**ASSIGNMENT:**
Copy the data exactly; pictures stay out of the copy.

**DATASET CONTENT:**
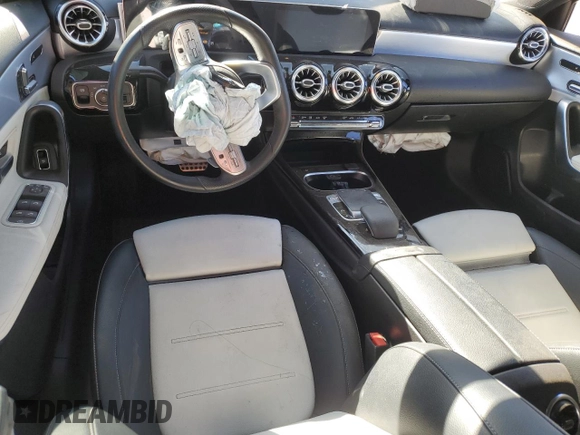 2020 Mercedes-Benz A 220 with VIN W1K3G4EB2LJ235062, listed as a Copart auction lot 41996965 with 36,675 mi miles and Salvage Title. Bid and sale history available at DreamBid. Image 8.
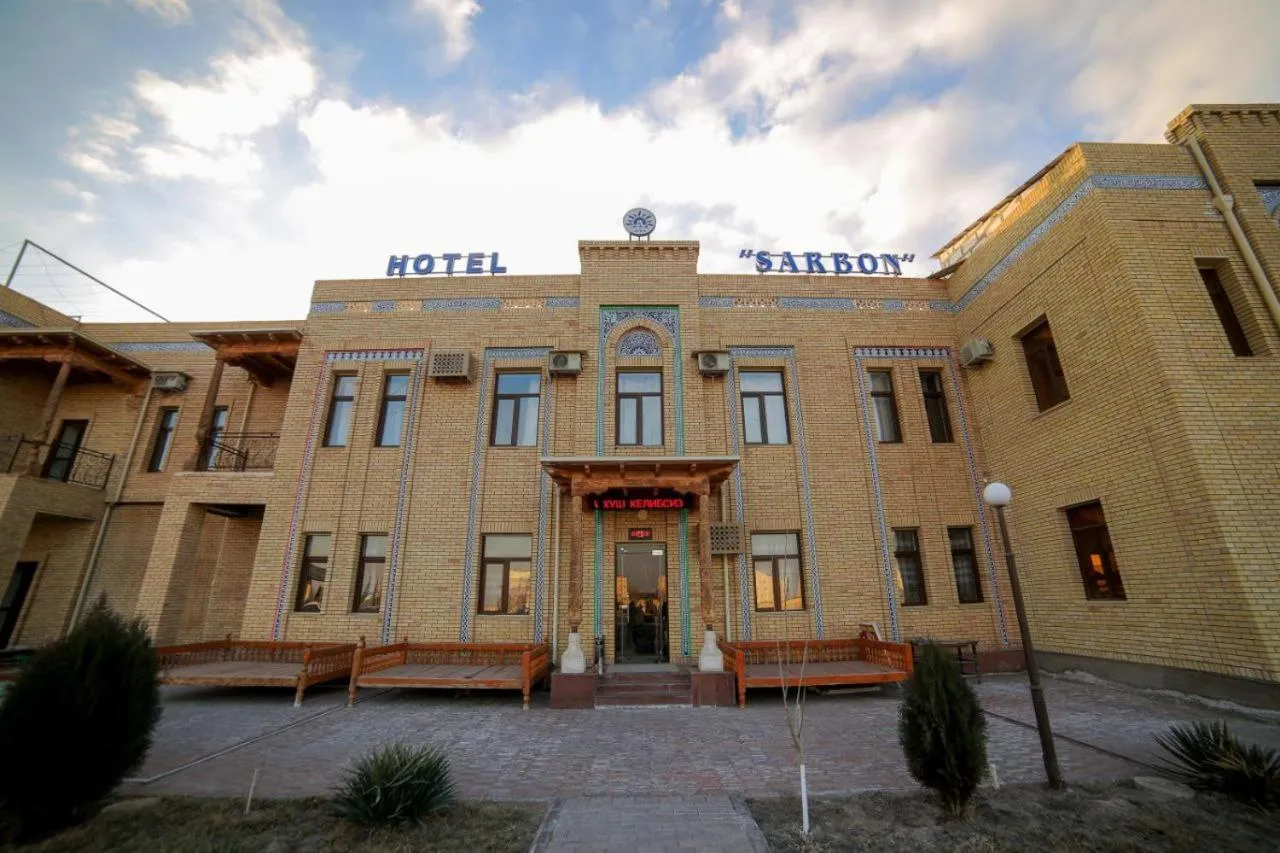 Property building in SARBON HOTEL KhIVA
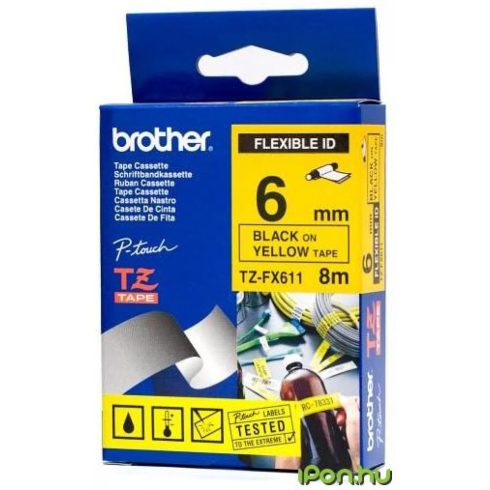 BROTHER TZe-FX611 EREDETI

**EXERCISE RESULT:**
 2020 Mercedes-Benz A 220 with VIN W1K3G4EB2LJ235062, listed as a Copart auction lot 41996965 with 36,675 mi miles and Salvage Title. Bid and sale history available at DreamBid. Image 8.
 Property building in SARBON HOTEL KhIVA
 BROTHER TZe-FX611 EREDETI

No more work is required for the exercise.